Does having active urls with and without trailing .html impact SEO?
-
A recent update resulted in duplication of urls on our site due to inconsistent url structure:
Example:
- /category2.html and /category2 both active on the site as the same page
Will this hurt and should we create redirects using only one version of the url?
- /category2.html redirect to /category2
-
It may do or it may not. It may or may not impact upon duplicate content, it always impacts upon crawl allowance
I'm going to use trailing slash URLs (a more common issue and consolidation feature) in my example, but it's equally applicable for stripping .HTML or non-resource (PDF, JPG, JS etc) file extensions
Quite a lot of sites, even if they refuse to clean this up, will at least 'canonical' one URL to the other. That let's Google know that one version of the page is canonical and should receive relevant SEO traffic - it avoids content duplication related penalties or algorithmic devaluations. There are two things it doesn't help Google out with
- It doesn't tell Google not to crawl both URLs (you might say the canonical tag does that, but keep in mind Google has to have already loaded both URLs to read both canonical tags so... no)

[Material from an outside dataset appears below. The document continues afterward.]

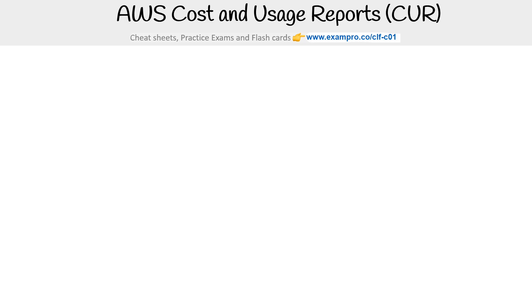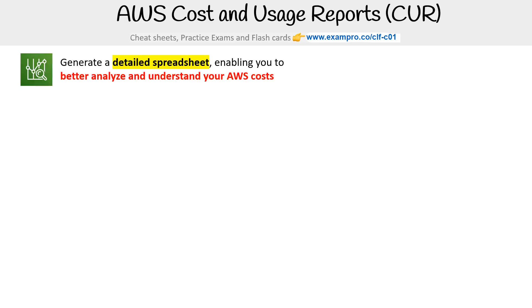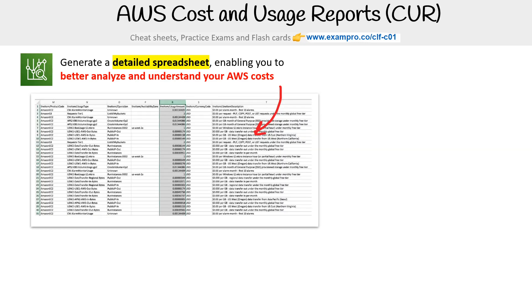Let's take a look at the AWS Cost and Usage Reports. It generates a detailed spreadsheet enabling you to better analyze and understand your AWS costs. This is kind of what it looks like.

- It doesn't consolidate SEO authority to the same degree that 301 redirects do. Say one page has some nice backlinks and the other one does too, that 'ranking benefit' won't all be consolidated onto one page. The canonical tag will make sure only one page ranks, but it won;t gain the 'optimal' benefit of the backlinks for both web-pages (301s do a better job of that, generally)
So as you can see, even if you avoid content duplication issues, there are other problems that could potentially arise. This being the case, it's best to consolidate your URL architecture at and and all levels
My preference is this logic in the htaccess (via 301s):
- Always force a trailing slash for pages (as they may have sub-pages, and can also be directories)
- EXCEPT if the active URL is a file (e.g: somesite.com/some-folder/some-image.jpg) - in which case, do not force a trailing slash (files are never folders / directories)
- But if the file extension is page-based rather than resource based (e.g: .html) then strip the extension and finish with a trailing slash
SEO is about avoiding risk. If there is conflicting information on a subject, pick the tried and tested (safe) method
Note that if you are on an MS / IIS server (rather than Linux / Apache) you may have to modify web.config instead of '.htaccess'